5.23 Reeds hierop loopt ook de onder (ii) genoemde omstandigheid stuk.
5.24 Het onder (iii) ontwikkelde betoog is niet goed begrijpelijk zodat ik er niet op in kan gaan.
5.25.1 Onder (iv) wordt 's Hofs oordeel misverstaan. Het Hof geeft eerst aan dat [betrokkene 1] [verweerder] heeft geadviseerd "ergens geld te vinden". Het Hof heeft dat, blijkens hetgeen volgt, aldus begrepen dat [betrokkene 1] (en daarmee de bank) geen enkele belangstelling had voor de vraag op welke wijze [verweerder] dat zou "vinden". Anders gezegd: of hij dat al dan niet zou lenen. Dat oordeel is niet onbegrijpelijk nu ABN AMRO, naar het Hof in cassatie niet bestreden heeft geoordeeld, geen inzicht had in essentiële gegevens zoals de financiële positie van [verweerder] (rov. 2.9).
5.25.2 Het Hof heeft hieruit klaarblijkelijk en allerminst onbegrijpelijk de conclusie getrokken dat de bank welbewust het risico aanvaardde dat [verweerder], die een casinogedrag vertoonde (rov. 2.13.1) en jegens wie op de bank een bijzondere zorgverplichting rustte mede ter bescherming tegen eigen lichtvaardigheid (rov. 2.5), het geld zou lenen, zoals hij ook heeft gedaan (rov. 2.13).
5.25.3 Kortom: de klacht mist feitelijke grondslag.
5.26 Onder (v) wordt op zich terecht aangevoerd dat een advies niet geheel kan worden geabstraheerd van de destijds actuele en verwachte marktomstandigheden en dat deze dus in beginsel in de afweging moeten worden betrokken. ABN AMRO heeft hieromtrent evenwel niets concreets gesteld. In elk geval wordt niet aangegeven waar zij (één of meer van) deze omstandigheden zou hebben aangevoerd. Het Hof kon daarom deze omstandigheden niet in zijn oordeel betrekken.
5.27 Met betrekking tot de onder (vi) genoemde omstandigheid laat ik de veronderstelling dat het moment van verkoop heel ongunstig was buiten beschouwing; zie onder 5.21 en 5.22.
5.28 De klacht mist al aanstonds doel omdat zij ervan uitgaat dat art. 28 lid 4 NR99 (niet) verplicht tot aanzuivering van een dekkingstekort. Art. 28 lid 4 NR99 is niet zonder meer van toepassing bij een dekkingstekort.

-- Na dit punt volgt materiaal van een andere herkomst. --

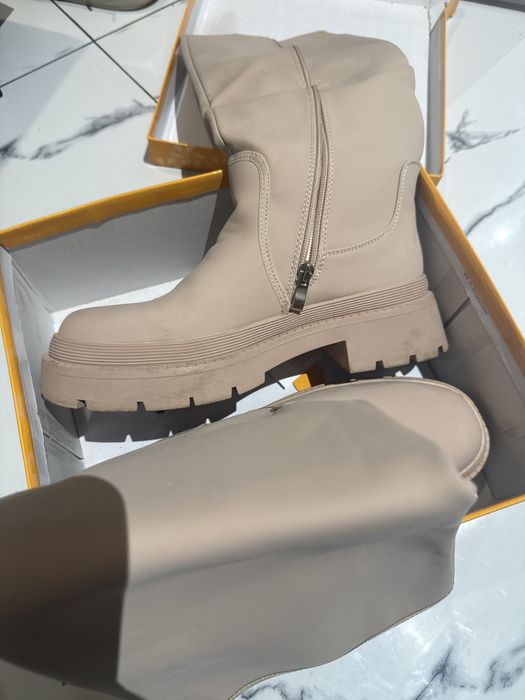 Сапоги 41 розмір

Doorslaggevend is of er voldoende zekerheden zijn gesteld om aan toekomstige verplichtingen te voldoen, hetgeen zich bijvoorbeeld voordoet in geval van een margetekort; zie onder 4.16.3.

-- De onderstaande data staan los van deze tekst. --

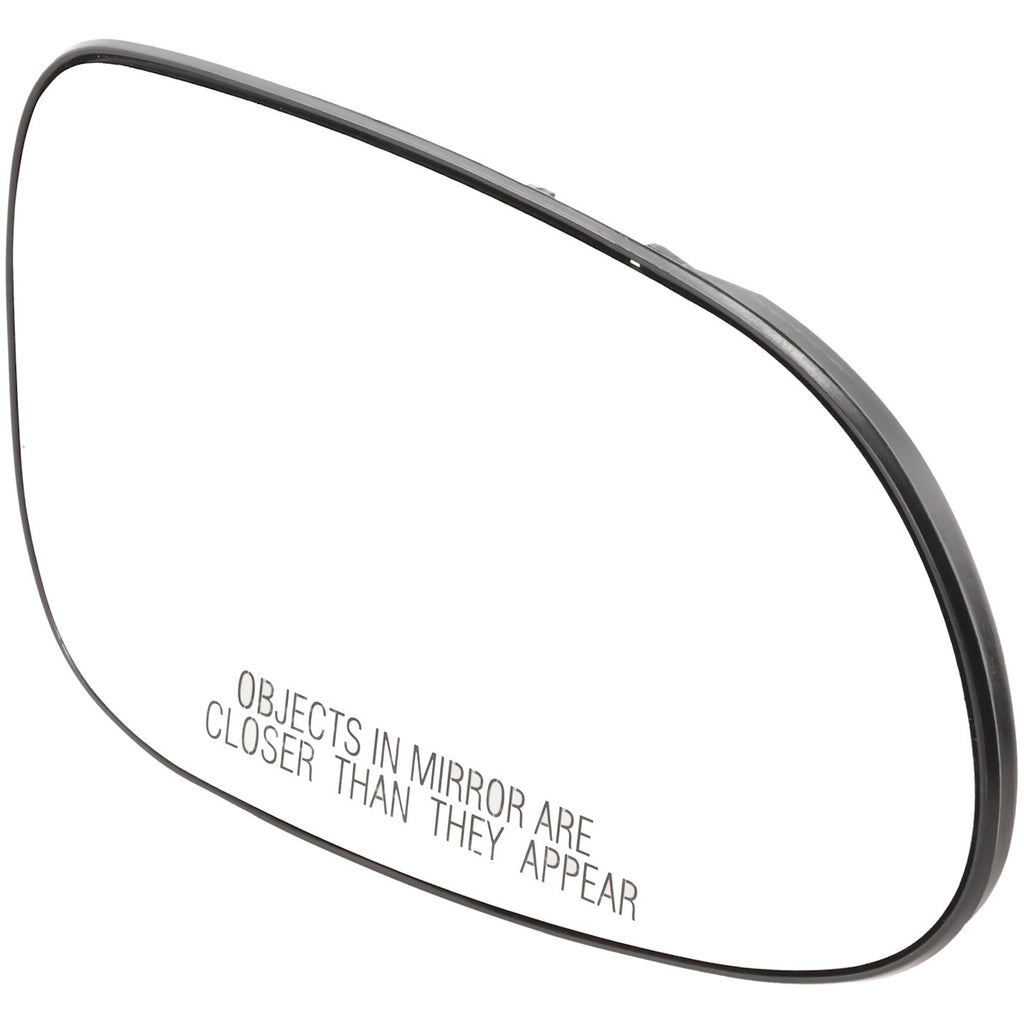 Heated Passenger Right Side Mirror Glass for Mercedes SL Class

5.29 Ten overvloede: 's Hofs oordeel komt, voor zover hier van belang, op het volgende neer:
a. op ABN AMRO rustte jegens [verweerder] een bijzondere zorgplicht, mede ter bescherming tegen de - hier evident spelende - gevaren van eigen lichtzinnigheid (rov. 2.5, 2.10.2 en 2.13.1);
b. desondanks heeft ABN AMRO, zonder enig inzicht te hebben in [verweerder]s relevante omstandigheden, ertoe bijgedragen dat [verweerder] een uitermate risicovolle en zéér eenzijdige beleggingsportefeuille opbouwde (rov. 2.9, 2.10.3 en 2.13.2);
c. toen - al na héél korte tijd - de beurskoersen van de litigieuze aandelen kelderden, heeft zij [verweerder] niet geadviseerd om posities te sluiten. Integendeel: zij heeft hem geadviseerd "ergens geld te vinden", zonder zich te bekommeren om de vraag of dit zou geschieden door het aangaan van een lening of anderszins (rov. 2.13 en 2.13.2).

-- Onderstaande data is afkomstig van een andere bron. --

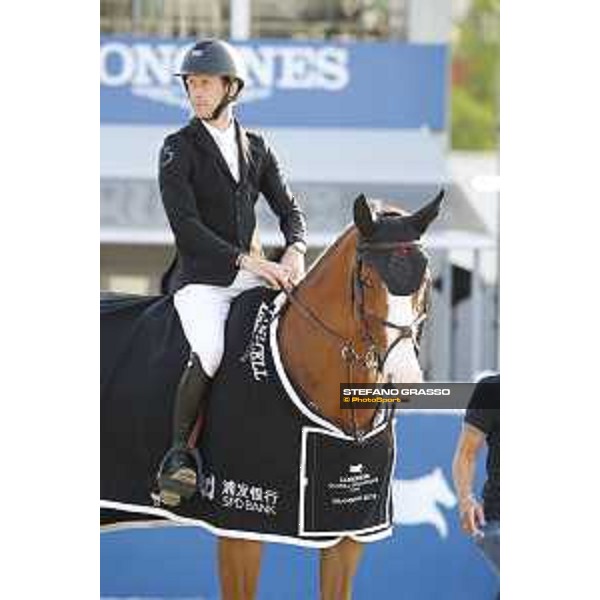 LGCT of Shanghai - Pieter Devos (BEL) on Jade v.Bisschop - Shanghai, Shanghai Expo - 3 May 2019 - ph.Stefano Grasso/LGCT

5.30 Dit alles bestempelt het Hof als onzorgvuldig. Het Hof had dat mogelijk wat verder kunnen uitschrijven, maar in zijn arrest, in zijn geheel gelezen, en in het bijzonder ook in rov. 2.13.2 ligt het voldoende duidelijk besloten. 's Hofs oordeel, zoals weergegeven onder 5.29, is onbegrijpelijk noch onjuist.
5.31.1 Subonderdeel 2.2 richt zich tegen het dictum waarin het Hof, voor zover van belang, opnieuw recht doende, voor recht heeft verklaard dat ABN AMRO toerekenbaar jegens [verweerder] is tekortgeschoten voorzover zij hem heeft geadviseerd geld te lenen om ontstane dekkingstekorten aan te zuiveren en ABN AMRO heeft veroordeeld tot vergoeding van 50% van de daardoor voor [verweerder] ontstane schade, op te maken bij staat.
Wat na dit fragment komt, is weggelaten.